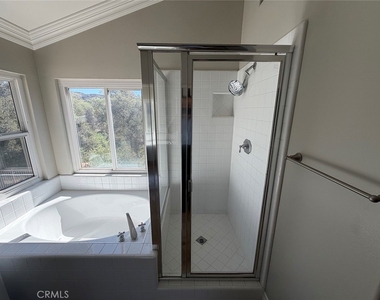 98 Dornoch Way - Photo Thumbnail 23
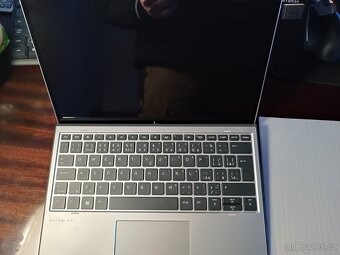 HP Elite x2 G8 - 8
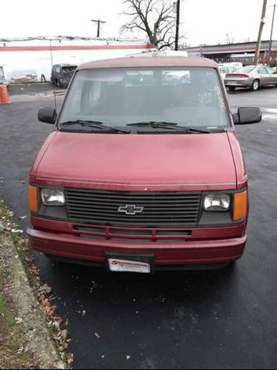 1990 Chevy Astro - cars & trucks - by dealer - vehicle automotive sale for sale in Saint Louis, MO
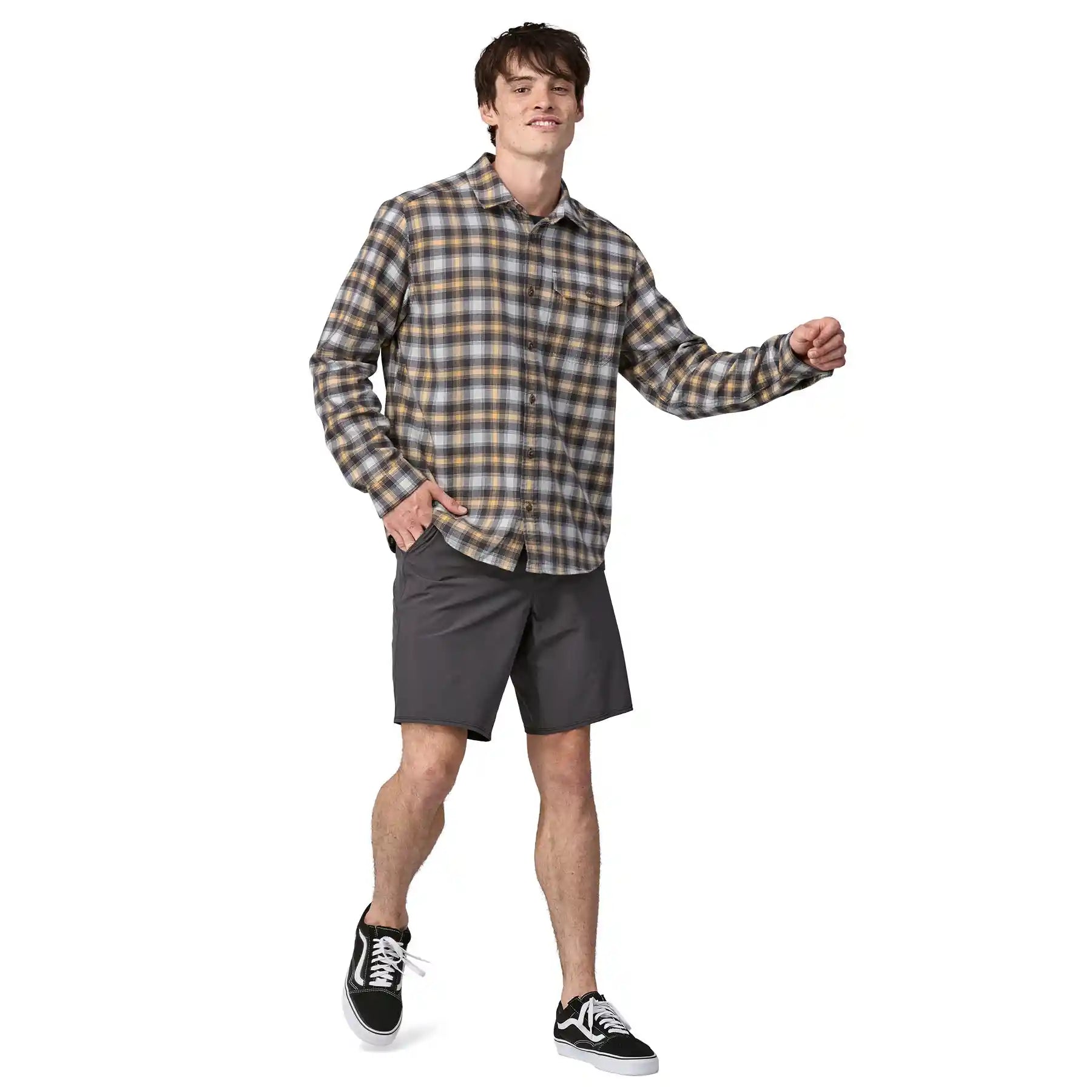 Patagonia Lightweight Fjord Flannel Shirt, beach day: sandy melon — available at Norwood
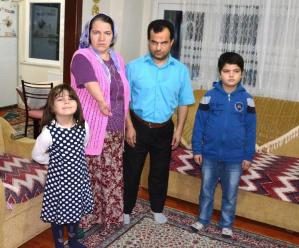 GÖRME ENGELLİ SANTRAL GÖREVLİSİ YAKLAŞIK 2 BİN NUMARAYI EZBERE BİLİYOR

#### Aim of the task:
All of the data should be returned word for word, with each picture left out.

#### Finished task:
 98 Dornoch Way - Photo Thumbnail 23
 HP Elite x2 G8 - 8
 1990 Chevy Astro - cars & trucks - by dealer - vehicle automotive sale for sale in Saint Louis, MO
 Patagonia Lightweight Fjord Flannel Shirt, beach day: sandy melon — available at Norwood
 GÖRME ENGELLİ SANTRAL GÖREVLİSİ YAKLAŞIK 2 BİN NUMARAYI EZBERE BİLİYOR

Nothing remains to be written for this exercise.